From the line containing "Map of Sarai" through the last line of the records below, output every line exactly as it appears, but leave out the pictures.

⟨

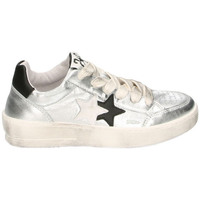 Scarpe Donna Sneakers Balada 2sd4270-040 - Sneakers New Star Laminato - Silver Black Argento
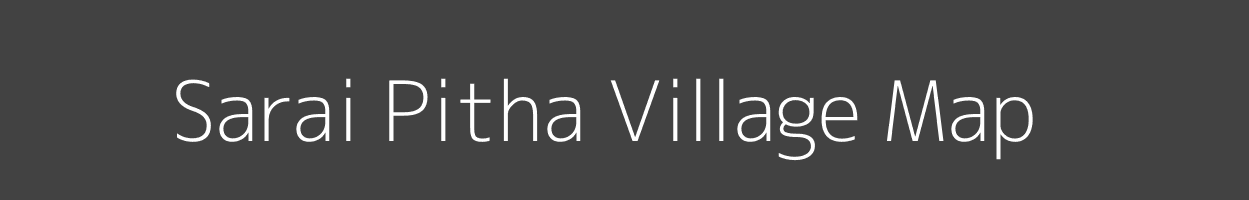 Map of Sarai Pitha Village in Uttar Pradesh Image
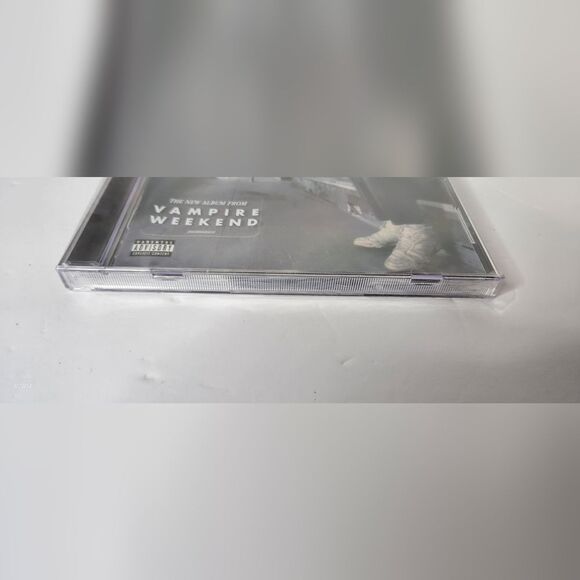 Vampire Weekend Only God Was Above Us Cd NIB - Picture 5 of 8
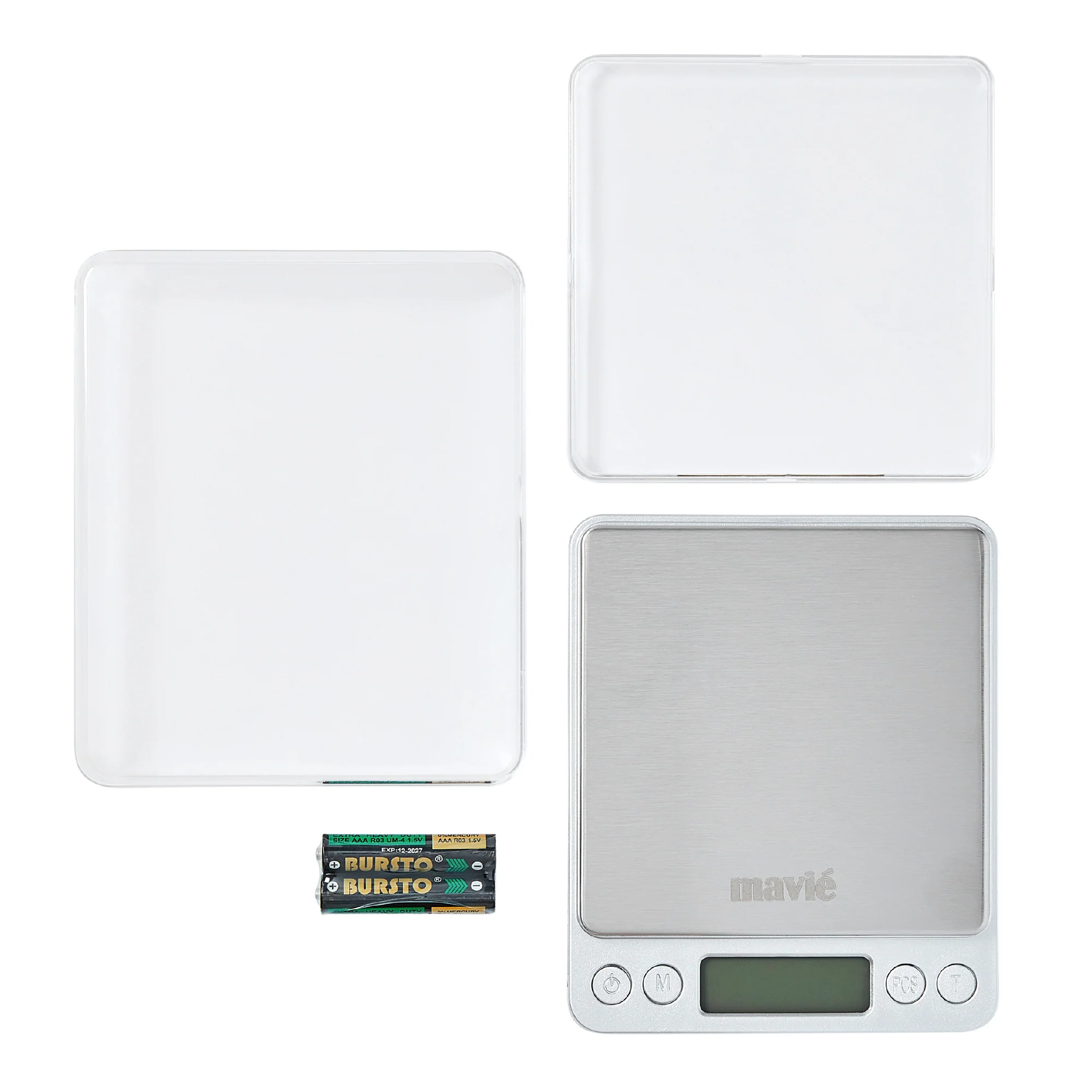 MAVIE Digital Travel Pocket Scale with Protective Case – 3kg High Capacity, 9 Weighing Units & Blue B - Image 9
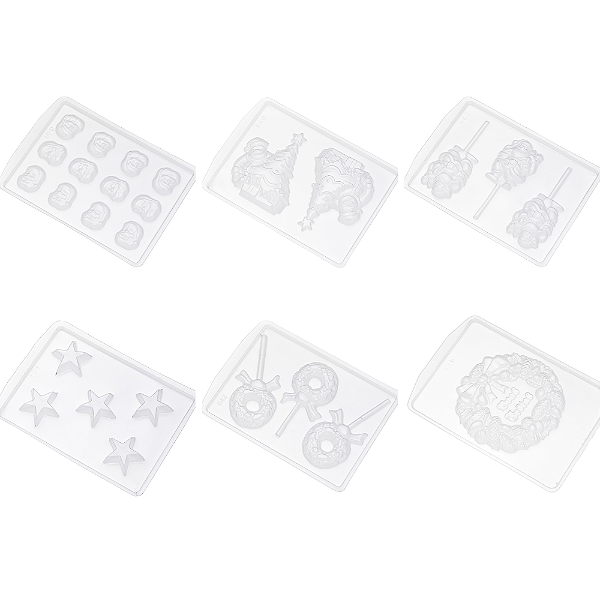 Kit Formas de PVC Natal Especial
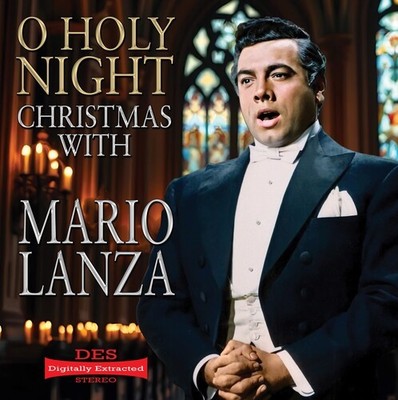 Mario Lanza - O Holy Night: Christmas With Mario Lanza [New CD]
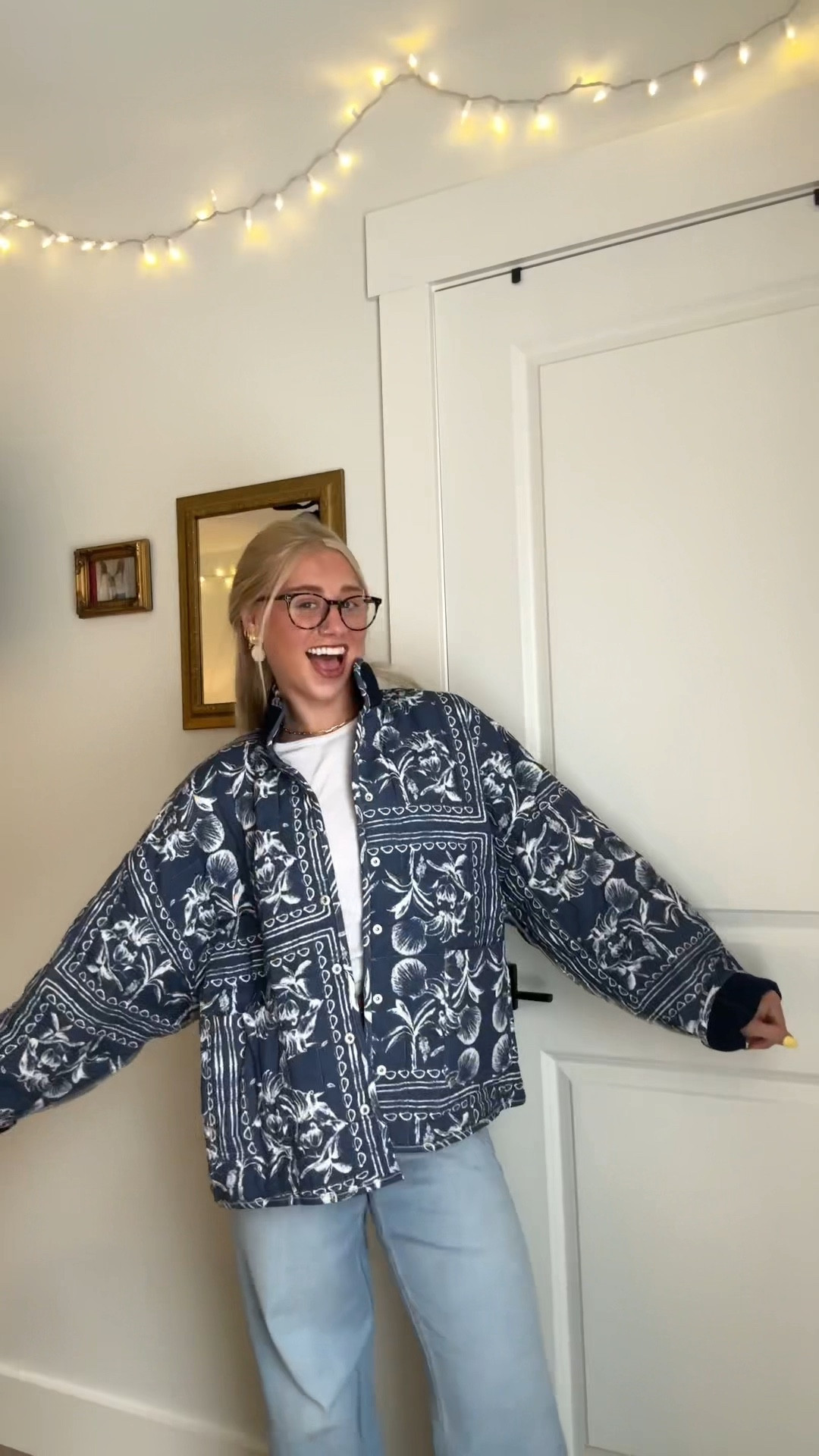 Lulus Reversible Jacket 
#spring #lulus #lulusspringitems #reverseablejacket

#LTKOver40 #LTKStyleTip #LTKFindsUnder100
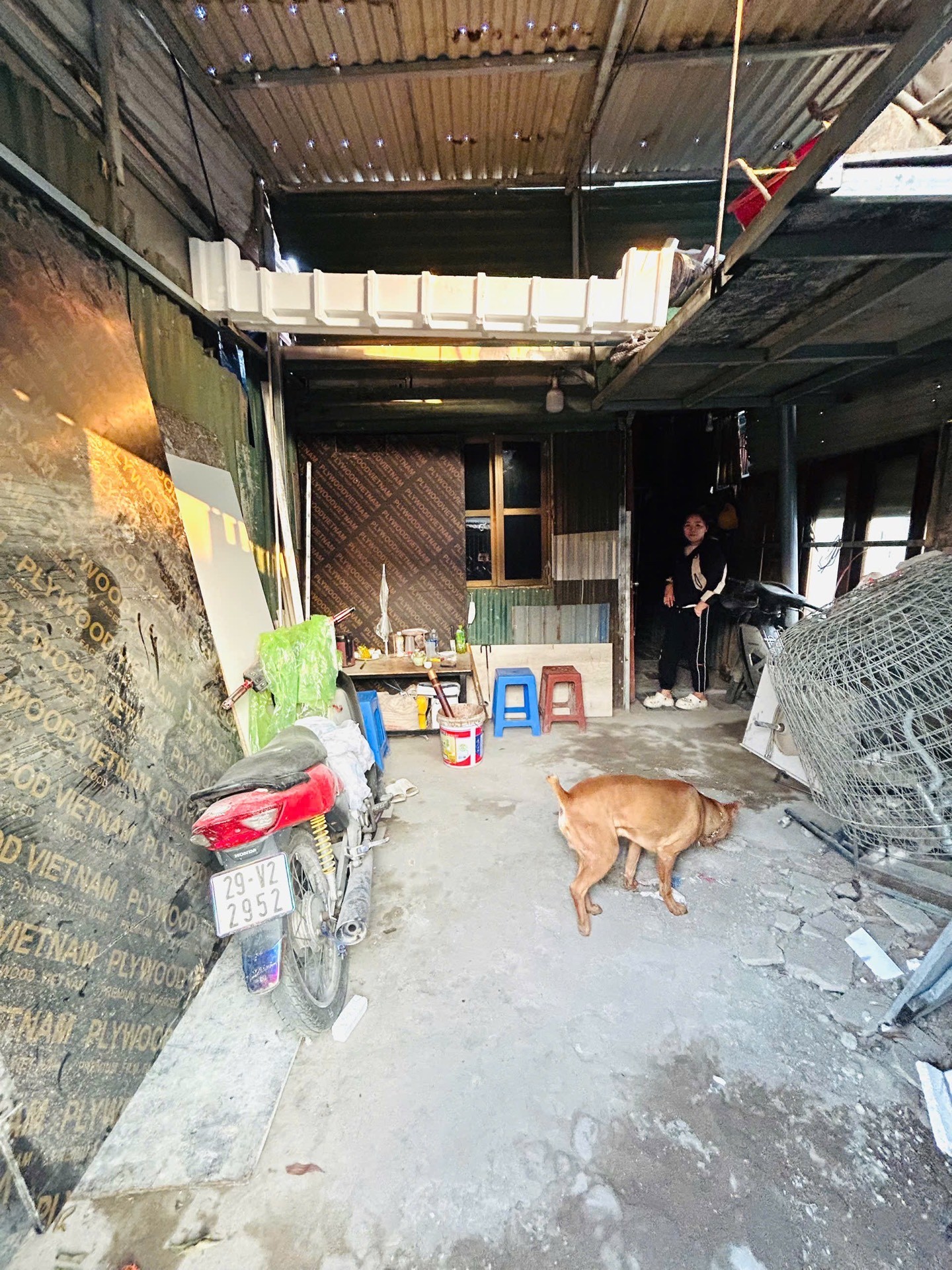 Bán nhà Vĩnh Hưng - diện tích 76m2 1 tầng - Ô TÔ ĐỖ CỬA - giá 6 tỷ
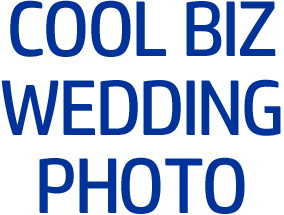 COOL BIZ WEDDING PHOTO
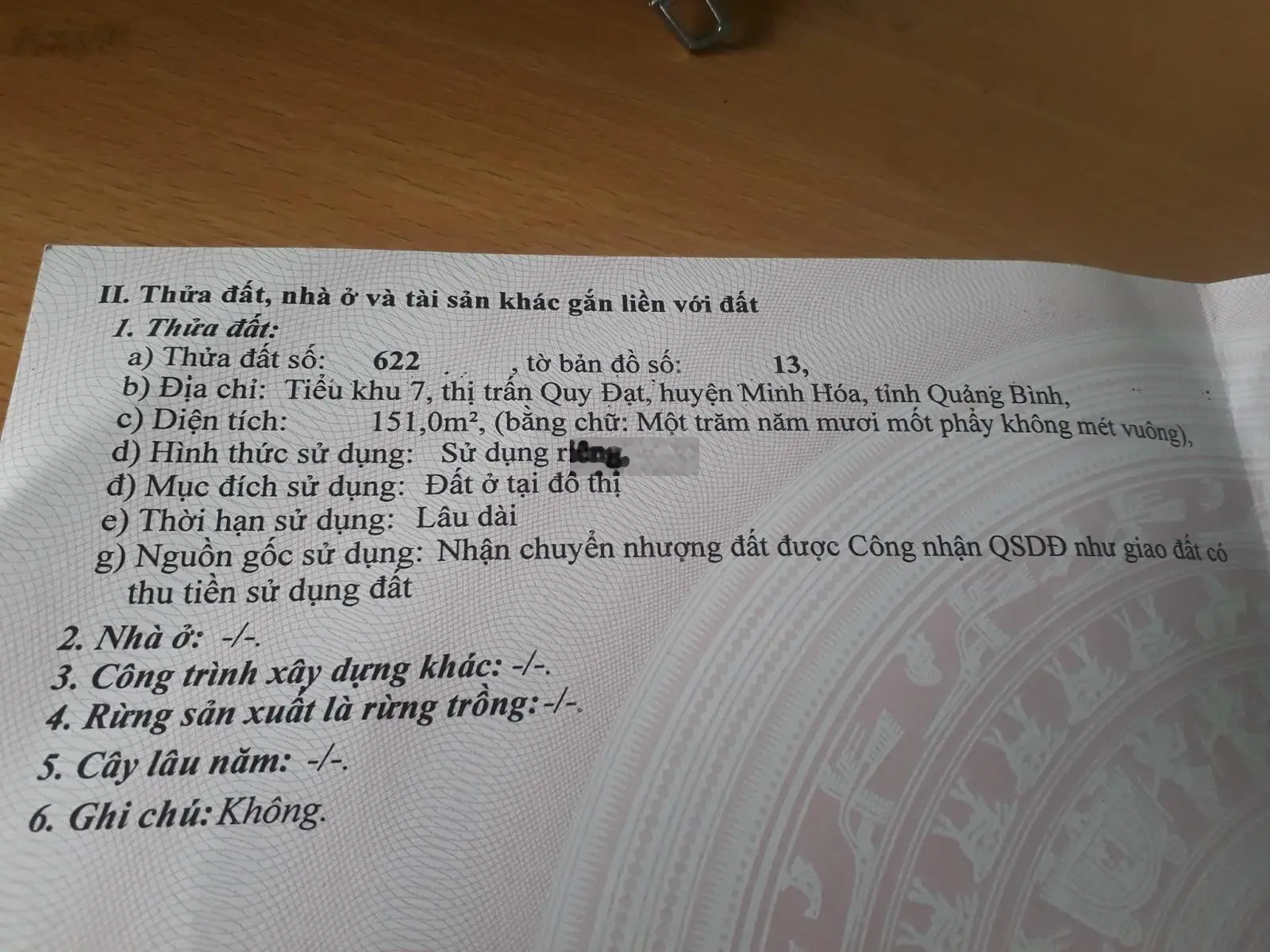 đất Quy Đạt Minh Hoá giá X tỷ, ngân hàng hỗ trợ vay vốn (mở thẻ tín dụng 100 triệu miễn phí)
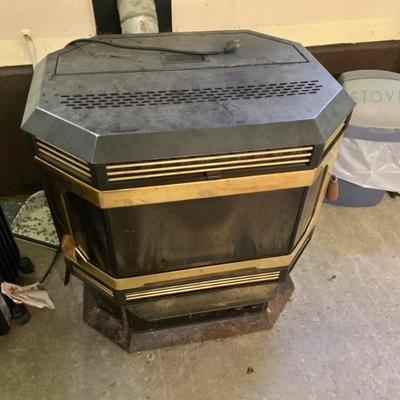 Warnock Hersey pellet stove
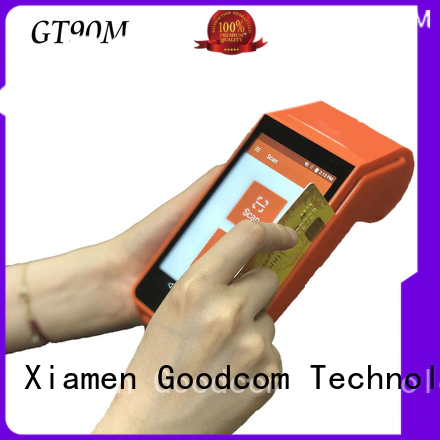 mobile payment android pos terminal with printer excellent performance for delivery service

⟩

Exercise result:
 Map of Sarai Pitha Village in Uttar Pradesh Image
 Vampire Weekend Only God Was Above Us Cd NIB - Picture 5 of 8
 MAVIE Digital Travel Pocket Scale with Protective Case – 3kg High Capacity, 9 Weighing Units & Blue B - Image 9
 Kit Formas de PVC Natal Especial
 Mario Lanza - O Holy Night: Christmas With Mario Lanza [New CD]
 Lulus Reversible Jacket 
#spring #lulus #lulusspringitems #reverseablejacket

#LTKOver40 #LTKStyleTip #LTKFindsUnder100
 Bán nhà Vĩnh Hưng - diện tích 76m2 1 tầng - Ô TÔ ĐỖ CỬA - giá 6 tỷ
 COOL BIZ WEDDING PHOTO
 đất Quy Đạt Minh Hoá giá X tỷ, ngân hàng hỗ trợ vay vốn (mở thẻ tín dụng 100 triệu miễn phí)
 Warnock Hersey pellet stove
 mobile payment android pos terminal with printer excellent performance for delivery service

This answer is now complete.